┌──
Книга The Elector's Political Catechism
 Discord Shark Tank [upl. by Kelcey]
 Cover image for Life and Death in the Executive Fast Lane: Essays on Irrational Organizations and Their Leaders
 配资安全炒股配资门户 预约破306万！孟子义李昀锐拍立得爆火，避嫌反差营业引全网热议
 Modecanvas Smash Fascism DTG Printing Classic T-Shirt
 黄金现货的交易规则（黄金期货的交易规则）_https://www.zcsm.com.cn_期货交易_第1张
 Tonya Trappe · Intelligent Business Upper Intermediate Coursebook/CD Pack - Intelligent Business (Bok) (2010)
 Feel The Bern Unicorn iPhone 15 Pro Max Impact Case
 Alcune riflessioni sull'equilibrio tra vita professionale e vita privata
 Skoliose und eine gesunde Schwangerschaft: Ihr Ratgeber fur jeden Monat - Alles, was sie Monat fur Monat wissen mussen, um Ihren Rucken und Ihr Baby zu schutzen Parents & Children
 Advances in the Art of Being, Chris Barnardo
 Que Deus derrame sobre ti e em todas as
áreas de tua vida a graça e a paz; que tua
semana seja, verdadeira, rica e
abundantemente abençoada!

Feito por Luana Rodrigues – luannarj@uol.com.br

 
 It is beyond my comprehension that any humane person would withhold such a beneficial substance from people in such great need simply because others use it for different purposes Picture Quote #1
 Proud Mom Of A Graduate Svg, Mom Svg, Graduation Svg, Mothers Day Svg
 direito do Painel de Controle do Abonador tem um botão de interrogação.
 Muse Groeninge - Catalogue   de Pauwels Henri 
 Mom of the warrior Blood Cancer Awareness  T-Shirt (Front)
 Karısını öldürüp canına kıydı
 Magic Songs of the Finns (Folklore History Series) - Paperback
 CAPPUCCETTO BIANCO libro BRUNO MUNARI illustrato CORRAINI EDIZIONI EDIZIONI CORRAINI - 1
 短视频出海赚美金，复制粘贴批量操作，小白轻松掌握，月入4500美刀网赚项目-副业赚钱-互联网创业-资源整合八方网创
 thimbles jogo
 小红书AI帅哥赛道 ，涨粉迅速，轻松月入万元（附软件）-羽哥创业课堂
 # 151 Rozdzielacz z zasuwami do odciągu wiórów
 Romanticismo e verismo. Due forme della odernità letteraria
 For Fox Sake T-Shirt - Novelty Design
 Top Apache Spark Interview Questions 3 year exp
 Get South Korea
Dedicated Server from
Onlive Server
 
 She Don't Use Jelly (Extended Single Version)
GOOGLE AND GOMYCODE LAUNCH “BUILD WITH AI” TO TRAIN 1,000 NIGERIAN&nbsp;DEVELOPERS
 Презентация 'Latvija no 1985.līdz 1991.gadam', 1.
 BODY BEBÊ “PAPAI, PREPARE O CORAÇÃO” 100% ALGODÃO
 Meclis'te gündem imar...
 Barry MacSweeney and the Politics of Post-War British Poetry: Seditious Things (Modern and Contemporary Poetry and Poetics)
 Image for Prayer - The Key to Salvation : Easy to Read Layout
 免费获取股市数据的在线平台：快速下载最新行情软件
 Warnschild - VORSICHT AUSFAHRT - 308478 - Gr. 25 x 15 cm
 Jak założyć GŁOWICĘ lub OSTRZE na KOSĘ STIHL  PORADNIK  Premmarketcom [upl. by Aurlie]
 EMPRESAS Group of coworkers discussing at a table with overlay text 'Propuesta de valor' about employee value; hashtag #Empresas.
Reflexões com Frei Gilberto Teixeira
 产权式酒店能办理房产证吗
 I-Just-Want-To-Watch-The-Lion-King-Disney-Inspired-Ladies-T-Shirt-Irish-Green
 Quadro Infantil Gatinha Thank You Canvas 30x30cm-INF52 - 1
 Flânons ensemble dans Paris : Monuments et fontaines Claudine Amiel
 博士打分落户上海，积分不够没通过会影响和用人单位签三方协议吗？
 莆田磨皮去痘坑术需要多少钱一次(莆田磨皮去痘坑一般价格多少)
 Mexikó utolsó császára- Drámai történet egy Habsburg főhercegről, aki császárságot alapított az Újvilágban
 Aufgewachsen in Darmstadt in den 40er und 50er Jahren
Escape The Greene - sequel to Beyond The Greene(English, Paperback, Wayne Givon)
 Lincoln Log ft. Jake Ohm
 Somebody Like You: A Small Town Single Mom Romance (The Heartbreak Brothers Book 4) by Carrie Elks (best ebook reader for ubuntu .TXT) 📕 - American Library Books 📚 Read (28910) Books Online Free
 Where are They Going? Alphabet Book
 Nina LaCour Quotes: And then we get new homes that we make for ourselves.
└──
Task to complete: Output every line from the records, exactly as written.

Exercise result:
Книга The Elector's Political Catechism
 Discord Shark Tank [upl. by Kelcey]
 Cover image for Life and Death in the Executive Fast Lane: Essays on Irrational Organizations and Their Leaders
 配资安全炒股配资门户 预约破306万！孟子义李昀锐拍立得爆火，避嫌反差营业引全网热议
 Modecanvas Smash Fascism DTG Printing Classic T-Shirt
 黄金现货的交易规则（黄金期货的交易规则）_https://www.zcsm.com.cn_期货交易_第1张
 Tonya Trappe · Intelligent Business Upper Intermediate Coursebook/CD Pack - Intelligent Business (Bok) (2010)
 Feel The Bern Unicorn iPhone 15 Pro Max Impact Case
 Alcune riflessioni sull'equilibrio tra vita professionale e vita privata
 Skoliose und eine gesunde Schwangerschaft: Ihr Ratgeber fur jeden Monat - Alles, was sie Monat fur Monat wissen mussen, um Ihren Rucken und Ihr Baby zu schutzen Parents & Children
 Advances in the Art of Being, Chris Barnardo
 Que Deus derrame sobre ti e em todas as
áreas de tua vida a graça e a paz; que tua
semana seja, verdadeira, rica e
abundantemente abençoada!

Feito por Luana Rodrigues – luannarj@uol.com.br

 
 It is beyond my comprehension that any humane person would withhold such a beneficial substance from people in such great need simply because others use it for different purposes Picture Quote #1
 Proud Mom Of A Graduate Svg, Mom Svg, Graduation Svg, Mothers Day Svg
 direito do Painel de Controle do Abonador tem um botão de interrogação.
 Muse Groeninge - Catalogue   de Pauwels Henri 
 Mom of the warrior Blood Cancer Awareness  T-Shirt (Front)
 Karısını öldürüp canına kıydı
 Magic Songs of the Finns (Folklore History Series) - Paperback
 CAPPUCCETTO BIANCO libro BRUNO MUNARI illustrato CORRAINI EDIZIONI EDIZIONI CORRAINI - 1
 短视频出海赚美金，复制粘贴批量操作，小白轻松掌握，月入4500美刀网赚项目-副业赚钱-互联网创业-资源整合八方网创
 thimbles jogo
 小红书AI帅哥赛道 ，涨粉迅速，轻松月入万元（附软件）-羽哥创业课堂
 # 151 Rozdzielacz z zasuwami do odciągu wiórów
 Romanticismo e verismo. Due forme della odernità letteraria
 For Fox Sake T-Shirt - Novelty Design
 Top Apache Spark Interview Questions 3 year exp
 Get South Korea
Dedicated Server from
Onlive Server
 
 She Don't Use Jelly (Extended Single Version)
GOOGLE AND GOMYCODE LAUNCH “BUILD WITH AI” TO TRAIN 1,000 NIGERIAN&nbsp;DEVELOPERS
 Презентация 'Latvija no 1985.līdz 1991.gadam', 1.
 BODY BEBÊ “PAPAI, PREPARE O CORAÇÃO” 100% ALGODÃO
 Meclis'te gündem imar...
 Barry MacSweeney and the Politics of Post-War British Poetry: Seditious Things (Modern and Contemporary Poetry and Poetics)
 Image for Prayer - The Key to Salvation : Easy to Read Layout
 免费获取股市数据的在线平台：快速下载最新行情软件
 Warnschild - VORSICHT AUSFAHRT - 308478 - Gr. 25 x 15 cm
 Jak założyć GŁOWICĘ lub OSTRZE na KOSĘ STIHL  PORADNIK  Premmarketcom [upl. by Aurlie]
 EMPRESAS Group of coworkers discussing at a table with overlay text 'Propuesta de valor' about employee value; hashtag #Empresas.
Reflexões com Frei Gilberto Teixeira
 产权式酒店能办理房产证吗
 I-Just-Want-To-Watch-The-Lion-King-Disney-Inspired-Ladies-T-Shirt-Irish-Green
 Quadro Infantil Gatinha Thank You Canvas 30x30cm-INF52 - 1
 Flânons ensemble dans Paris : Monuments et fontaines Claudine Amiel
 博士打分落户上海，积分不够没通过会影响和用人单位签三方协议吗？
 莆田磨皮去痘坑术需要多少钱一次(莆田磨皮去痘坑一般价格多少)
 Mexikó utolsó császára- Drámai történet egy Habsburg főhercegről, aki császárságot alapított az Újvilágban
 Aufgewachsen in Darmstadt in den 40er und 50er Jahren
Escape The Greene - sequel to Beyond The Greene(English, Paperback, Wayne Givon)
 Lincoln Log ft. Jake Ohm
 Somebody Like You: A Small Town Single Mom Romance (The Heartbreak Brothers Book 4) by Carrie Elks (best ebook reader for ubuntu .TXT) 📕 - American Library Books 📚 Read (28910) Books Online Free
 Where are They Going? Alphabet Book
 Nina LaCour Quotes: And then we get new homes that we make for ourselves.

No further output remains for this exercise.